PROS1 activates AXL in GSCs. A. Heat map obtained from the IVY Atlas Project database showing the localization differences between TAM receptors and ligands. B. ELISA of mouse PROS1 (mPROS1) expression in conditioned medium from tumor-associated MG/Mø or medium alone (no cells, “N.C.”). Ten thousand cells, enriched for CD11b expression (as in Fig. 3D), were cultured in 1 mL RPMI-1640 medium for 48 hours, and the supernatant was used for the ELISA. C. Western blot analysis of total and phospho-AXL in GSC267 cells treated with 2 or 8 ng/mL of recombinant PROS1. D. Western blot analysis of total- and pAXL in GSC267 cells starved for 24h, followed by incubation with conditioned medium treated with 1 or 10 µg/mL of PROS1 blocking peptide. E. Immunoprecipitation (IP) analysis of GSC lysates using an AXL antibody (left panel) or Ni-NTA for PROS1 (right panel), followed by immunoblot for PROS1 and AXL, showing the AXL-PROS1 interaction. Cells were harvested 24 h after EGF, bFGF, and B27 starvation; lysates were then incubated with His-tagged rPROS1. Whole cell lysates with input rPROS1 served as a positive control, and pull-downs with immunoglobin G served as a negative control. F. Cell growth assays for three different GSCs (28, 267, and 1020) expressing high AXL levels treated with PROS1 and BGB324 for 24 h (* P < 0.05, ** P < 0.01, or *** P < 0.001). The cells were cultured in medium without EGF/bFGF and B27. G. Western blot analysis of total AXL, pAXL, and their downstream target, pNF-κB p65. Cells were starved of EGF/FGF and B27 for 24 h, then harvested after 30 min of treatment with 2 ng/mL PROS1 or 40 ng/mL EGF. Vinculin served as a loading control. H. Western blot analysis of pNF-κB p65 and total NF-κB after treatment with PROS1 with or without BGB324; cells were treated as above in (F). β-Actin served as a loading control. I. GSEA showing NF-κB signature is reduced in AXL-depleted GSCs. NES is shown in the plot.

Figure 5

Co-treatment with BGB324 and PD-1 antibodies improves survival in mouse GBM models.
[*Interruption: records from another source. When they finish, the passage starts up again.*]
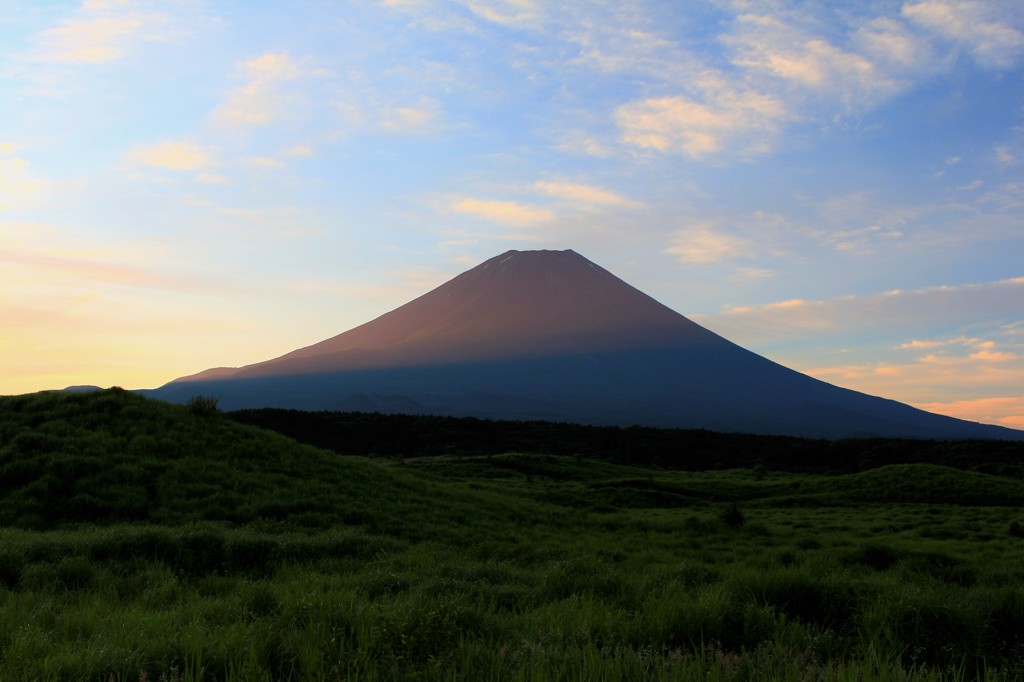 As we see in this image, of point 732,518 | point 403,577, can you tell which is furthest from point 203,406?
point 732,518

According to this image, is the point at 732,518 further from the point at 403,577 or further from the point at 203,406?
the point at 203,406

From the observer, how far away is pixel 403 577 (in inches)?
331

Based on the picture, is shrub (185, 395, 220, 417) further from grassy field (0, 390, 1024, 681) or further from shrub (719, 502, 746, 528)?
shrub (719, 502, 746, 528)

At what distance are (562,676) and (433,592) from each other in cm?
347

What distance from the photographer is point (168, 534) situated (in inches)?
449

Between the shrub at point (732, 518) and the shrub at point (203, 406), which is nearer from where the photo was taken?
the shrub at point (203, 406)

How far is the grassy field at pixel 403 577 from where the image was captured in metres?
4.43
A. Detection of CD4 (CD45+ CD3+ CD8+ CD4+) and CD8 T (CD45+ CD3+ CD4− CD8+) cell from primary GBM dissociated cells (424) after selection of CD45+ selection by CyTOF. B. Detection of PD-1 in CD4 and CD8 T infiltrating cells primary GBM tumor (424). Negative control: naïve CD8 T cells from blood. C–D. Effect of BGB324 on activated intratumoral T cells expressing PD-1. (C) Frequency of total CD4(+) or CD8(+) T cells in mouse tumors from mice treated with BGB324 for 10 days (50 mg/kg/day). (D) mean fluorescence intensity (MFI). E. Heat map of the B7 family generated using microarray data obtained from GSC267 xenograft tumors treated with BGB324. F. IHC analysis showing CD11b staining in a representative sample of a MS7080 tumor from mice treated with PD-1 antibody (Ab). G. IHC analysis of mouse tumors from mice treated with PD-1 Ab using pAXL Ab. H. The frequency of infiltrating CD45(+), CD11b(+), CD4(+), or CD8(+) cells in mouse tumors from mice treated with BGB324. F. Kaplan-Meier curve of MS7080 tumor-bearing mice treated with PD-1 Ab four times (10 mg/kg, days 3, 7, 10 and 13) or BGB324 for 10 days (50 mg/kg/day). G. Kaplan-Meier curve for mice with MS7080 tumors treated with PD-1 Ab four times (10 mg/kg, days 3, 7, 10 and 13) and BGB324 for 10 days (50 mg/kg/day).

Figure 6

Expression of either AXL and/or PROS1 were clinically associated with a poor prognosis for GBM patients. A. Kaplan-Meier curve showing patient survival data (TCGA data) stratified based on AXL and PROS1 expression levels. Patients expressing lower levels of AXL survived for a significantly longer period than those expressing higher levels (upper left). Patients expressing lower levels of PROS1 survived for a significantly longer period than those expressing higher levels (upper right). Patients expressing lower levels of both AXL and PROS1 survived longer than other groups (lower left). Statistical analysis was performed with a log-rank test (P < 0.05). B. Schematic representation of the effects of BGB324 treatment on GBM. Tumor-associated macrophages produce PROS1, which binds to AXL resulting in AXL phosphorylation and activation. Downstream targets of AXL, such as NF-κB, are activated, leading to expression of PD-L1 and subsequent cell growth. These events are inhibited by BGB324 treatment.